Binanceが制裁下にあるイランでの取引処理を継続
世界最大の仮想通貨取引所であるBinanceは、米国政府による制裁と企業によるイランでの取引禁止にもかかわらず、イランの顧客による取引を処理し続けていたことが明らかになった。
ロイターの最新調査によると、米国が2018年にイランへの制裁を復活させた後も、Binanceがイランのトレーダーにサービスを提供し続けていたことが発覚。2018年、米国は世界の主要国とのイランの核合意の一環として、3年前に停止していた制裁を再強化。同年11月にBinanceはイランのトレーダーに対し、今後サービスを提供しないことを伝え、口座を清算するよう指示した。
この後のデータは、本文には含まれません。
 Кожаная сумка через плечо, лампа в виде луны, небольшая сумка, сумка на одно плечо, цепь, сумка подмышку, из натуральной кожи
しかし、7人のトレーダーはインタビューで、この禁止措置を回避したと語っており、トレーダーたちは、2021年9月の時点までBinanceの口座を使い続け、1カ月前に取引所がマネーロンダリング(資金洗浄)対策のチェックを強化した後にアクセスできなくなっただけだという。実際、2021年9月までの2年間、この取引所を利用したというテヘランのトレーダー、アサル・アリザード(Asal Alizade)氏は、いくつかの代替手段はあったが、Binanceほど優れたものはなかったと述べている。
本社詳細を公表していないBinance
欧米の対ロシア制裁に対応して公開された3月のブログ記事でBinanceは、国際制裁規則に厳格に従うと述べ、世界的に有名な制裁と法執行の専門家を含むグローバルコンプライアンスタスクフォースを編成している。
Binanceは持ち株会社をケイマン諸島に置いているが、本社は1つではないものの、米国内の顧客を受け入れていないメインのBinance.com取引所の背後にある事業体についての詳細は明らかにしていない。弁護士によると、Binanceが被る損害は、制裁を受けた当事者がプラットフォーム上で取引を行ったかどうか、またイラン人顧客が取引の結果、米国の貿易禁止を免れたかどうかによるとのこと。今回の件に関して、BinanceのCEOであるジャオ・チャンポン(趙長鵬:Zhao Changpeng)氏は、2018年以降、ロイター独自のスクリーニング製品であるWorldCheckをKYC検証ツールの1つとして使用していると述べており、同氏は次のように語っている。
今のロイターによると、WorldCheckは最悪なようです。公平に見て、すべての銀行が使っているゴールデンスタンダードです。しかし、われわれがそれを使うと、彼らはまだわれわれについてFUDを懸念しているようです。